#### Required work
Only the lines from the one containing "Wedgwood Green ashtray" through the one containing "el torero fetichista." should be printed, exactly as they appear below, with both ends included.

Source data:
------------------------------------

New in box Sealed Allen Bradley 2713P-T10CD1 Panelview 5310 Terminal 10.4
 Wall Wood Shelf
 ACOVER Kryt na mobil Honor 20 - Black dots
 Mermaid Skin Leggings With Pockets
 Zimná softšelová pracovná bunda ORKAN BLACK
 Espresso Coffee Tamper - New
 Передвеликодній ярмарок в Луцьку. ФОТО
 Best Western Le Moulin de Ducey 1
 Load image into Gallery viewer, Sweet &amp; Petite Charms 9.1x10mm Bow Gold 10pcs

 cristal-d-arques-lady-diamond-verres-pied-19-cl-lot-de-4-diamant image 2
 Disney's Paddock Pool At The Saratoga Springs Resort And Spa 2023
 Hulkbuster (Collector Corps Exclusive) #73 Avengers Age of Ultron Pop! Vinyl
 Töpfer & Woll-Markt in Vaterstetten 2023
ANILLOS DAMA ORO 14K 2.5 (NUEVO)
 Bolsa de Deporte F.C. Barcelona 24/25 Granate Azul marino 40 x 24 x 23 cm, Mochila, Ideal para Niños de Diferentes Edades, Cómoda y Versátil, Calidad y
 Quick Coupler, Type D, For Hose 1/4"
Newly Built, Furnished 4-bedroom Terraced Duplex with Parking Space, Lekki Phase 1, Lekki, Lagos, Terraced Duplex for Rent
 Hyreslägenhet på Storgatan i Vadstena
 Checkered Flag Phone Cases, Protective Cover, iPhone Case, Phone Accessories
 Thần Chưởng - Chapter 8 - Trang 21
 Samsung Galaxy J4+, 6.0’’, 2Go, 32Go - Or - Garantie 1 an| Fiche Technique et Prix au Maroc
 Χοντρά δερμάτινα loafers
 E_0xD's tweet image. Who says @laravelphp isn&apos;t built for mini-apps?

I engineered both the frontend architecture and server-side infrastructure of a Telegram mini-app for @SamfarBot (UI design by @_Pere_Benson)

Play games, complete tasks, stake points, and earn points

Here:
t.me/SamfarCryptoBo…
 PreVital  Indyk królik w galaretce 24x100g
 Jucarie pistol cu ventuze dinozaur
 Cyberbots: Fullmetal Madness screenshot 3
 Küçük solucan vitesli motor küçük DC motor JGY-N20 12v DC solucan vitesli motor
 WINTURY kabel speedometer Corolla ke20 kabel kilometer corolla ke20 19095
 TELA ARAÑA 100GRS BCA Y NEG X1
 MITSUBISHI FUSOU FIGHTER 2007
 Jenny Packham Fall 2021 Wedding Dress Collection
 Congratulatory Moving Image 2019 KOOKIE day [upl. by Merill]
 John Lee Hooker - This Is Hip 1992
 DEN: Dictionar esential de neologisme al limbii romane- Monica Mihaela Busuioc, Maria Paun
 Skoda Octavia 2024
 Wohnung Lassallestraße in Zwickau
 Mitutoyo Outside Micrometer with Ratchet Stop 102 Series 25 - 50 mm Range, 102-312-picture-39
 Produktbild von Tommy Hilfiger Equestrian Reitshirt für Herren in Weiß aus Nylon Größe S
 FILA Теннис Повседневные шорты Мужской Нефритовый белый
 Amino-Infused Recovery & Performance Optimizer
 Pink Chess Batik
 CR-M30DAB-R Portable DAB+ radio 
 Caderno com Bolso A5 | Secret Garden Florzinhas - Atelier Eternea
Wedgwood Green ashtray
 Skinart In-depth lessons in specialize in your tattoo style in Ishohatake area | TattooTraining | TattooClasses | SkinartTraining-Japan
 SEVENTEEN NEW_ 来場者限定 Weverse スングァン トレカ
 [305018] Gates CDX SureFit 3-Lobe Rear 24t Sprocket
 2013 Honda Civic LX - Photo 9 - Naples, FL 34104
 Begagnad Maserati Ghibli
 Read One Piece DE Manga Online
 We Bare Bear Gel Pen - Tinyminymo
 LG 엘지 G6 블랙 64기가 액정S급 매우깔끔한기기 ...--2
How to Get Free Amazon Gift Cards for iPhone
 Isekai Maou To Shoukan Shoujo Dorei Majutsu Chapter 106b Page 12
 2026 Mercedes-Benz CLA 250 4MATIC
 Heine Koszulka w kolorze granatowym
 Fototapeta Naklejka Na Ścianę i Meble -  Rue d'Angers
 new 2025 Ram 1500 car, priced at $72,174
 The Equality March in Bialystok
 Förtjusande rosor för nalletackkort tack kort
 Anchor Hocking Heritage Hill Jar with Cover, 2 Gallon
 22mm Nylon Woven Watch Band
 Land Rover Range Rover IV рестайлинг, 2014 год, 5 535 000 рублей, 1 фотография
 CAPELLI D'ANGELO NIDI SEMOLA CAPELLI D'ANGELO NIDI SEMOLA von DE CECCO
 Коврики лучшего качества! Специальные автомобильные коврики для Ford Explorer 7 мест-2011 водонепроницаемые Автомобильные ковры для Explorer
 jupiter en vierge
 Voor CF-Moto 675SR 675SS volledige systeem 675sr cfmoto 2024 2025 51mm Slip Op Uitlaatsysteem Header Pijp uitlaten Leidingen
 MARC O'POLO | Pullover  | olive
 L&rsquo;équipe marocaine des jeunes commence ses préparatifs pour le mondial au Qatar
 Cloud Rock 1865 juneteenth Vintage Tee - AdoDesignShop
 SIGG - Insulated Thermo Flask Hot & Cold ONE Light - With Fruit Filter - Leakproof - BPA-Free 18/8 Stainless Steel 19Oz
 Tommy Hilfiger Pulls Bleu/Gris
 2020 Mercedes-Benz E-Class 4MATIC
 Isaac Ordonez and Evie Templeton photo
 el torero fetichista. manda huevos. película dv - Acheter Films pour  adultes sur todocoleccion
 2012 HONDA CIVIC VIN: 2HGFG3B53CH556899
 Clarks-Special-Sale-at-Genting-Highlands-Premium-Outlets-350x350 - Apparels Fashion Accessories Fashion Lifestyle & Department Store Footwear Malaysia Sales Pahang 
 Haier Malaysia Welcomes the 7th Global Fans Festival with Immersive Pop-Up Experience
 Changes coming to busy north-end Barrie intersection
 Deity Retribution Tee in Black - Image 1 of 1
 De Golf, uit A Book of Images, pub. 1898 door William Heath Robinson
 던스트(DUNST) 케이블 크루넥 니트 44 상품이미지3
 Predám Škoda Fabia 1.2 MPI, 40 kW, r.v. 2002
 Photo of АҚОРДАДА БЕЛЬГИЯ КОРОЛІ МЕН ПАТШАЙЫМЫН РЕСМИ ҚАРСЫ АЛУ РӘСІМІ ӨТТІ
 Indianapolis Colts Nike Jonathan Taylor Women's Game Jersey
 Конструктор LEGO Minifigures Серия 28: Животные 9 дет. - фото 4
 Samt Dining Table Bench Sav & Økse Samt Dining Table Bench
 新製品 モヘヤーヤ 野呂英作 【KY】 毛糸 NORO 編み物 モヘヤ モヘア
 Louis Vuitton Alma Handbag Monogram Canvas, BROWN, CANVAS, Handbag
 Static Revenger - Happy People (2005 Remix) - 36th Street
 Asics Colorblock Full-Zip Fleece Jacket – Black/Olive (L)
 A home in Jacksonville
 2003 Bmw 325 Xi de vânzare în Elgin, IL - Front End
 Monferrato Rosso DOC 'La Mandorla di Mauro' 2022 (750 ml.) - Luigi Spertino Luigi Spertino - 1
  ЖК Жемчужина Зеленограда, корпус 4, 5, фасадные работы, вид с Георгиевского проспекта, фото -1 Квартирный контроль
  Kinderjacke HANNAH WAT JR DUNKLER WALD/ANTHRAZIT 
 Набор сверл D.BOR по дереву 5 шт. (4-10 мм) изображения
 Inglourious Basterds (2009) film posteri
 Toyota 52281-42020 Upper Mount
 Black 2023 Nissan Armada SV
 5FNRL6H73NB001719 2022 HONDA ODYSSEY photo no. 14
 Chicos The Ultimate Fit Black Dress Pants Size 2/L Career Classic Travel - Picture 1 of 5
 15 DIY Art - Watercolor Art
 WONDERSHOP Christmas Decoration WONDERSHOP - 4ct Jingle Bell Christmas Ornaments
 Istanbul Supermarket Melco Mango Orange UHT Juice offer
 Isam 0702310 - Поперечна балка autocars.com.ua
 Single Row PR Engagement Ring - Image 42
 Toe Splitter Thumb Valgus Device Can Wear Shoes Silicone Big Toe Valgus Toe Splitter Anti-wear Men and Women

------------------------------------

#### Solved exercise
Wedgwood Green ashtray
 Skinart In-depth lessons in specialize in your tattoo style in Ishohatake area | TattooTraining | TattooClasses | SkinartTraining-Japan
 SEVENTEEN NEW_ 来場者限定 Weverse スングァン トレカ
 [305018] Gates CDX SureFit 3-Lobe Rear 24t Sprocket
 2013 Honda Civic LX - Photo 9 - Naples, FL 34104
 Begagnad Maserati Ghibli
 Read One Piece DE Manga Online
 We Bare Bear Gel Pen - Tinyminymo
 LG 엘지 G6 블랙 64기가 액정S급 매우깔끔한기기 ...--2
How to Get Free Amazon Gift Cards for iPhone
 Isekai Maou To Shoukan Shoujo Dorei Majutsu Chapter 106b Page 12
 2026 Mercedes-Benz CLA 250 4MATIC
 Heine Koszulka w kolorze granatowym
 Fototapeta Naklejka Na Ścianę i Meble -  Rue d'Angers
 new 2025 Ram 1500 car, priced at $72,174
 The Equality March in Bialystok
 Förtjusande rosor för nalletackkort tack kort
 Anchor Hocking Heritage Hill Jar with Cover, 2 Gallon
 22mm Nylon Woven Watch Band
 Land Rover Range Rover IV рестайлинг, 2014 год, 5 535 000 рублей, 1 фотография
 CAPELLI D'ANGELO NIDI SEMOLA CAPELLI D'ANGELO NIDI SEMOLA von DE CECCO
 Коврики лучшего качества! Специальные автомобильные коврики для Ford Explorer 7 мест-2011 водонепроницаемые Автомобильные ковры для Explorer
 jupiter en vierge
 Voor CF-Moto 675SR 675SS volledige systeem 675sr cfmoto 2024 2025 51mm Slip Op Uitlaatsysteem Header Pijp uitlaten Leidingen
 MARC O'POLO | Pullover  | olive
 L&rsquo;équipe marocaine des jeunes commence ses préparatifs pour le mondial au Qatar
 Cloud Rock 1865 juneteenth Vintage Tee - AdoDesignShop
 SIGG - Insulated Thermo Flask Hot & Cold ONE Light - With Fruit Filter - Leakproof - BPA-Free 18/8 Stainless Steel 19Oz
 Tommy Hilfiger Pulls Bleu/Gris
 2020 Mercedes-Benz E-Class 4MATIC
 Isaac Ordonez and Evie Templeton photo
 el torero fetichista. manda huevos. película dv - Acheter Films pour  adultes sur todocoleccion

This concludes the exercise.